● RAW DATA
★ ★ ★ ★
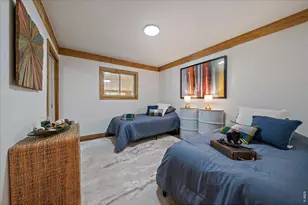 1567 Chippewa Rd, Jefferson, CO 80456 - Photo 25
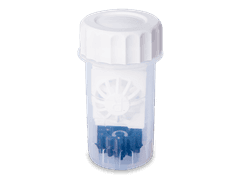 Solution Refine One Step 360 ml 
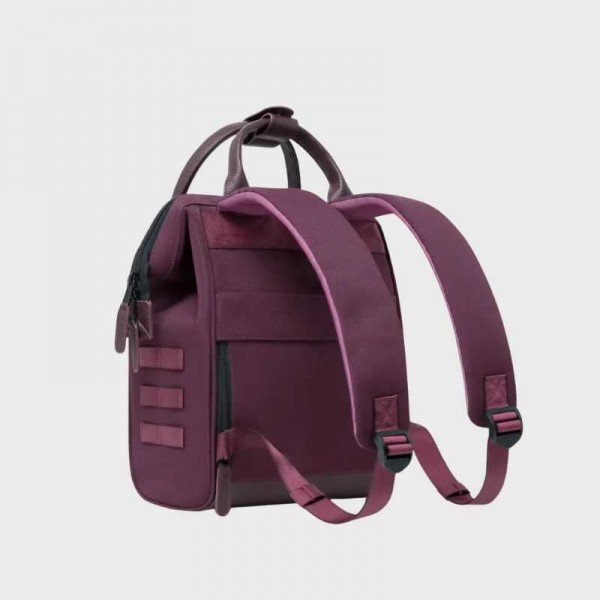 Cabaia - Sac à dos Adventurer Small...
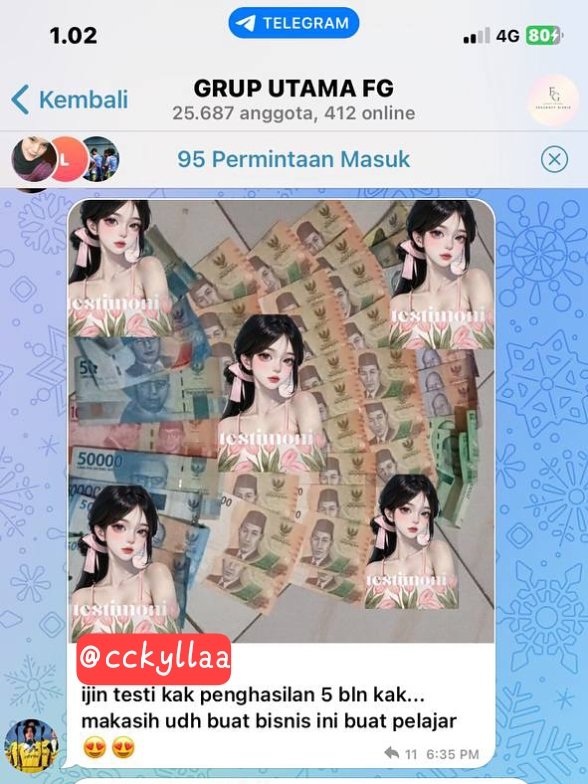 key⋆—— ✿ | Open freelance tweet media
★ ★ ★ ★
● EXERCISE
Restate the listing word for word, pictures omitted.

● YOUR RESPONSE
 1567 Chippewa Rd, Jefferson, CO 80456 - Photo 25
 Solution Refine One Step 360 ml 
 Cabaia - Sac à dos Adventurer Small...
 key⋆—— ✿ | Open freelance tweet media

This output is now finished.